The duck-liver parfait with rillettes, sourdough and salted butter is simple perfection. (I can’t think how they made the parfait so smooth.) It makes for a relaxed, homely start to your meal – something Adriaan is quite serious about. He wants to give his guests a taste of home with a refined twist; what he most wants is for people to feel comfortable in his establishment.

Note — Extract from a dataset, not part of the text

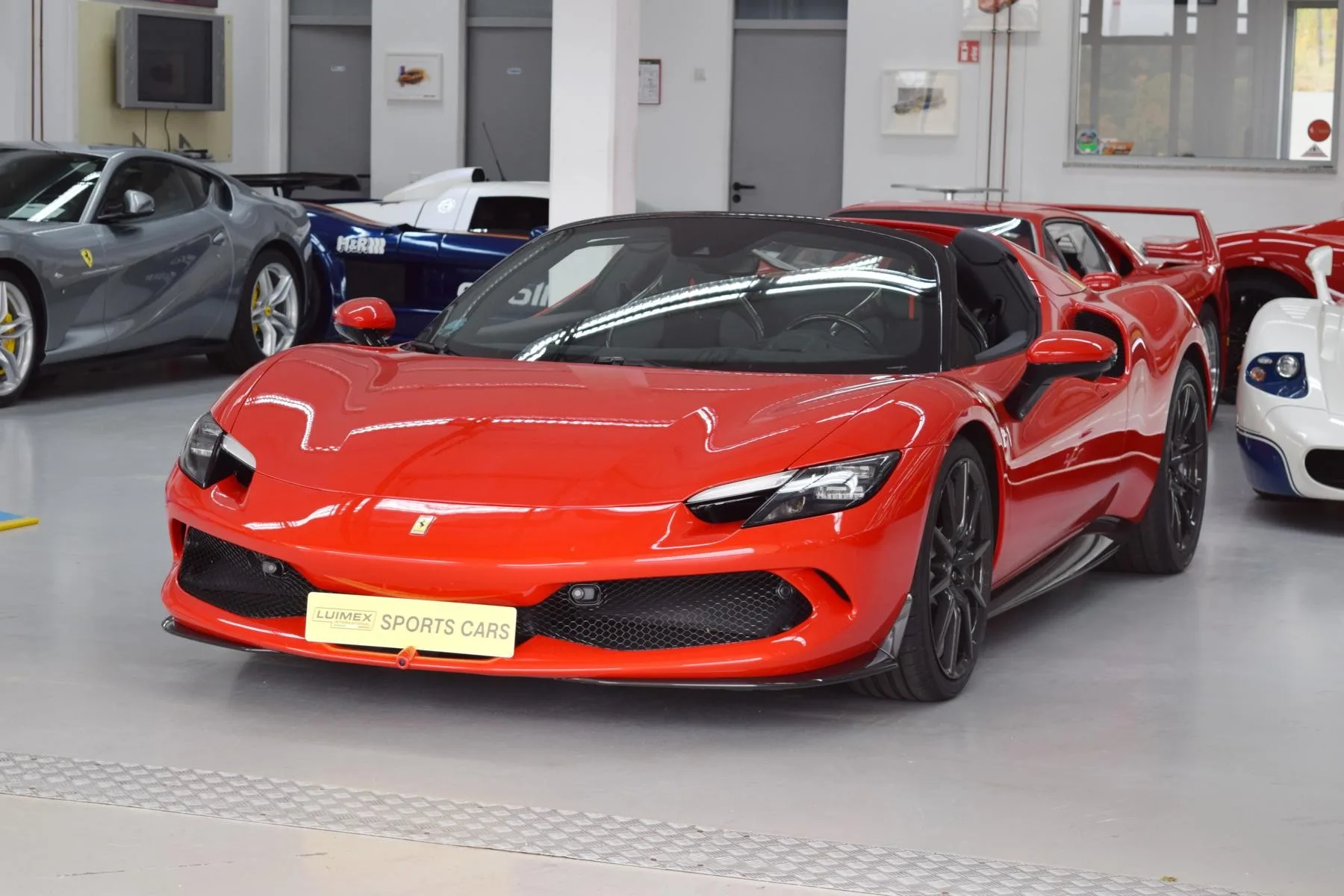2025 Ferrari 296 GTS angeboten von einem Fachhändler in Pfaffenhofen an der Ilm, Deutschland, Hauptfoto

The rest of the menu follows suit with accessible ingredients given a fancy hat and executed exquisitely. A simple fillet of bream is served on top of a fricassee of shiitake, edamame and peas, alongside a quenelle of the most delectable broccoli purée. The purée is so good I could eat an entire bowl of it. This is followed by marron on a bouillabaisse sauce; another serving of duck, this time perfectly paired with coffee, hazelnuts and red cabbage; and two servings of lamb, first the loin and rib served with black garlic, Brussels sprouts and pickled onions, and the second an unctuous piece of braised lamb served in a rich, savoury broth. The meal culminates in a celebration of chocolate: a slab of dark chocolate jelly covered in white chocolate snow, buttermilk sherbet and fresh berries, with a cherry compote and freeze-dried berries to finish it off perfectly.

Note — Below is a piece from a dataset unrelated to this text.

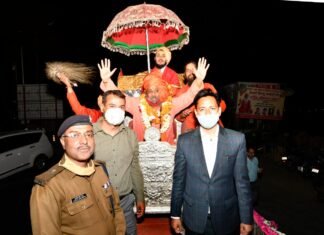 हरिद्वार कुंभ-जूना,अग्नि और किन्नर अखाड़े का कुंभ में प्रवेश,प्रशासन और शहरवासियों ने किया भव्य स्वागत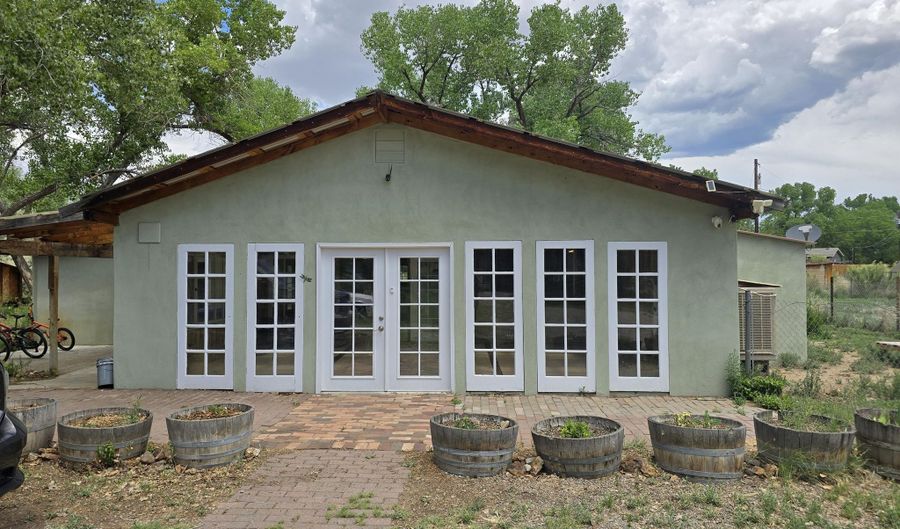 9 ROAD 2620, Aztec, NM 87410 - 4 Beds, 3 Bath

Every month the team focuses on a different wine estate, choosing only a few wines to showcase. For January they’re focusing on Cederberg; in February they’re looking at Spice Route. Other options are soft drinks and sparkling water, and Cederberg MCC if you have a glass of bubbly.
Service is friendly and efficient. The chefs come to the table to explain each dish, which is always a treat. Plates are cleared efficiently and our glasses kept topped up at all times. The service doesn’t leave an impression, but then again it doesn’t need to. It just needs to flow, and that’s exactly what it did.

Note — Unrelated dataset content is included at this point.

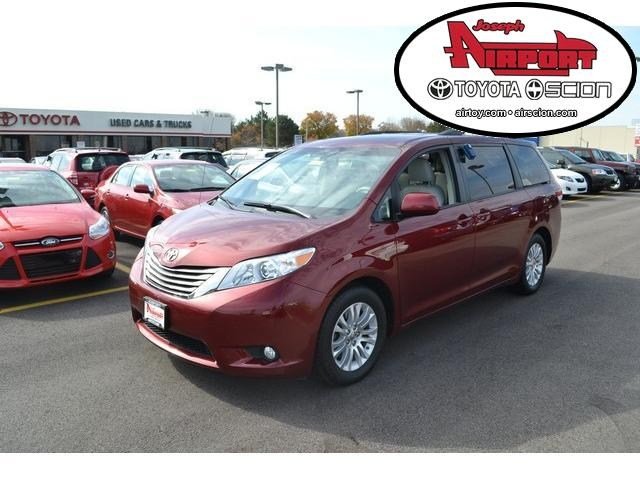 Toyota Sienna SEL Sport Utility 4D Unspecified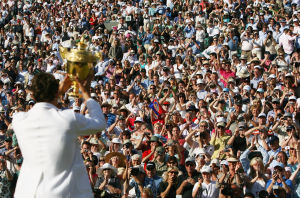 Siebenmal stemmte Federer den Wimbledon-Pokal schon in die Luft. Bekommt er jetzt die Chance auf Titel Nummer acht?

On arrival, the first impression is that you must be at the wrong place. Walking past farm animals, through an almost forest-like environment, you feel far removed from the noise and bustle of the city, but arriving at the simple wood and raw-earth structure is a little perplexing.
But then the wooden panels open and you are invited into a beautiful yet simple dining room. The kitchen is completely open and feels like part of the dining area. This is particularly pleasing when you experience the delectable aromas wafting around the room as the chefs prepare your meal. The restaurant’s rustic simplicity is the perfect contrast to the refined, elegant food. Surrounded by the greenhouses and fish ponds to the one side, and a woodland scene of bushy trees to the other, you’d be forgiven for thinking you’d driven for hours to get out of the city. That’s the beauty of it: this incredible establishment is a stone’s throw away from the highway and yet it is such as escape. Fermier is an absolute gem.
Adriaan’s dream is for Fermier to be an entirely self-sustaining restaurant, where everything from the fruit and veggies to the fish and meat are grown and reared on the property, and where ‘waste’ becomes food again.